**Exercise data:**
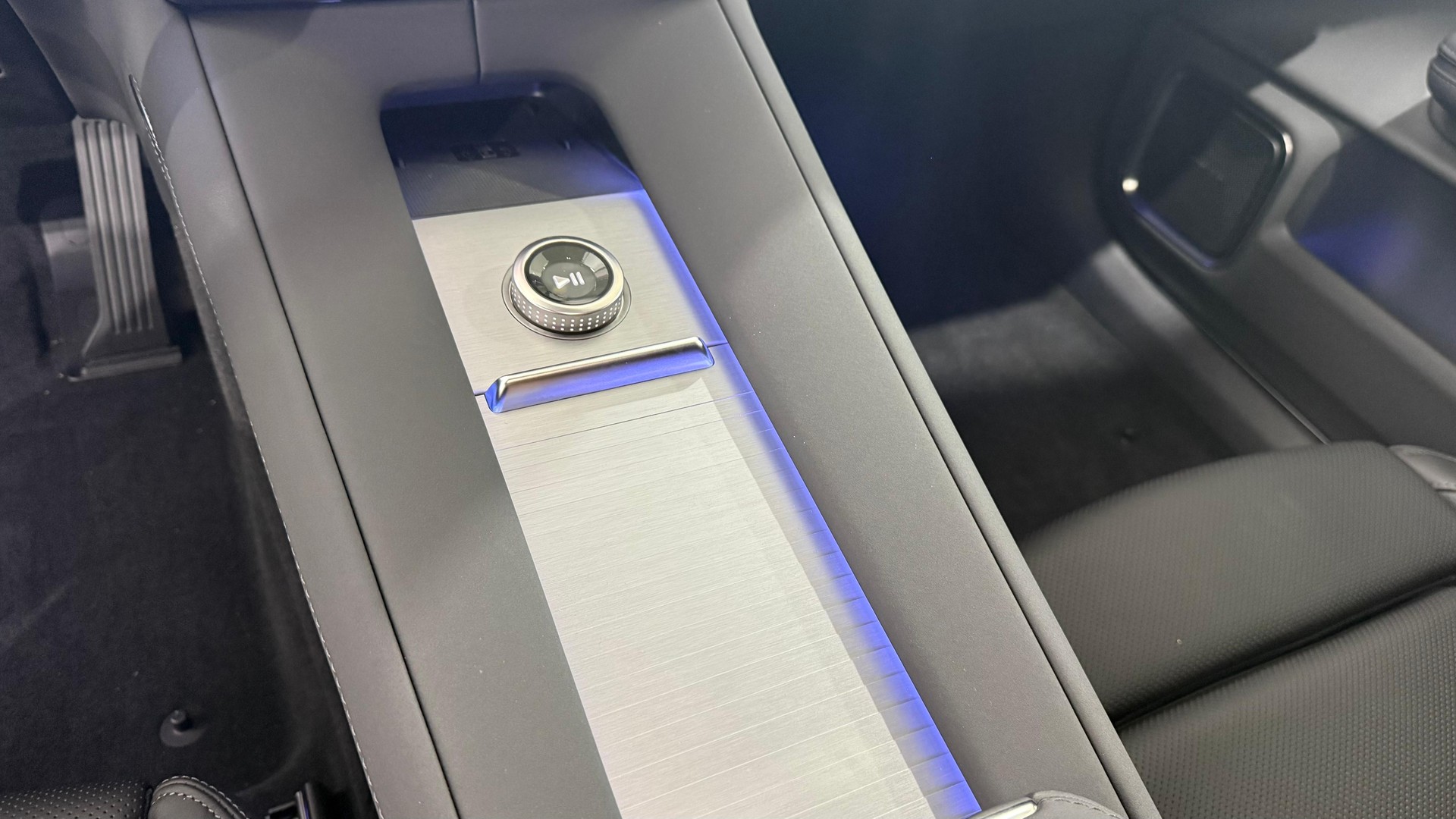 POLESTAR 4 Long Range Dual Motor Perfor-image-10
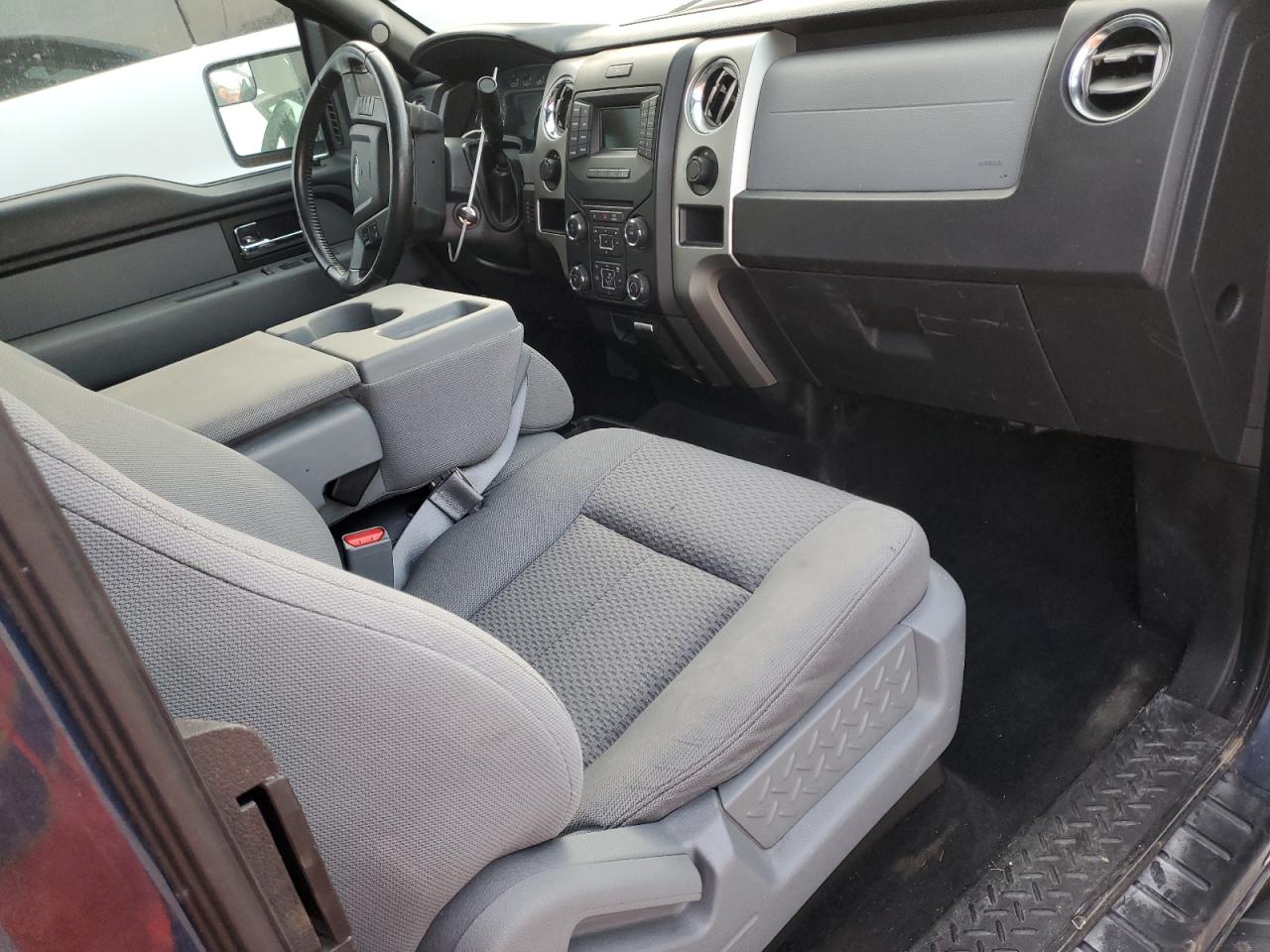 2013 Ford F-150 - Image 11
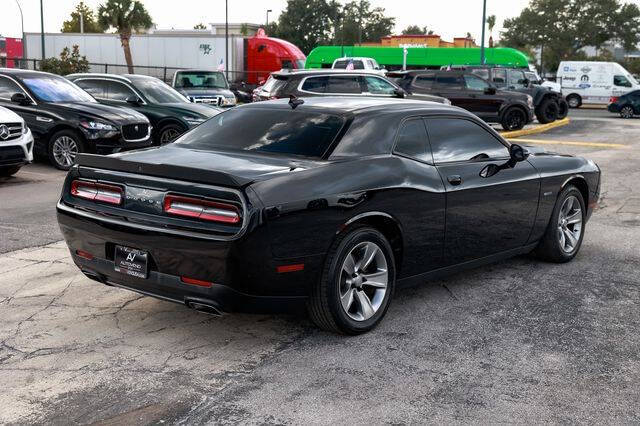 2016 Dodge Challenger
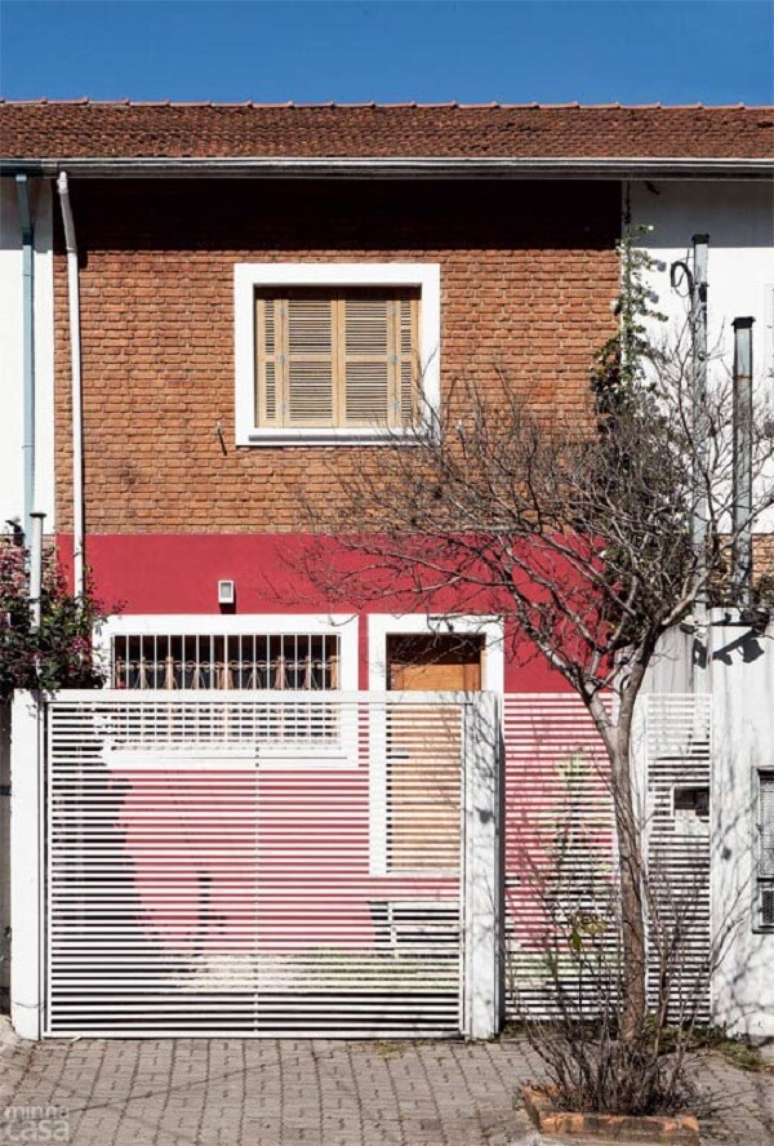 58- O tijolinho aparente traz charme para a fachada do sobrado pequeno. Fonte: Pinterest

**Task to complete:**
Retype all of the listing word for word and skip the pictures.

**Response:**
 POLESTAR 4 Long Range Dual Motor Perfor-image-10
 2013 Ford F-150 - Image 11
 2016 Dodge Challenger
 58- O tijolinho aparente traz charme para a fachada do sobrado pequeno. Fonte: Pinterest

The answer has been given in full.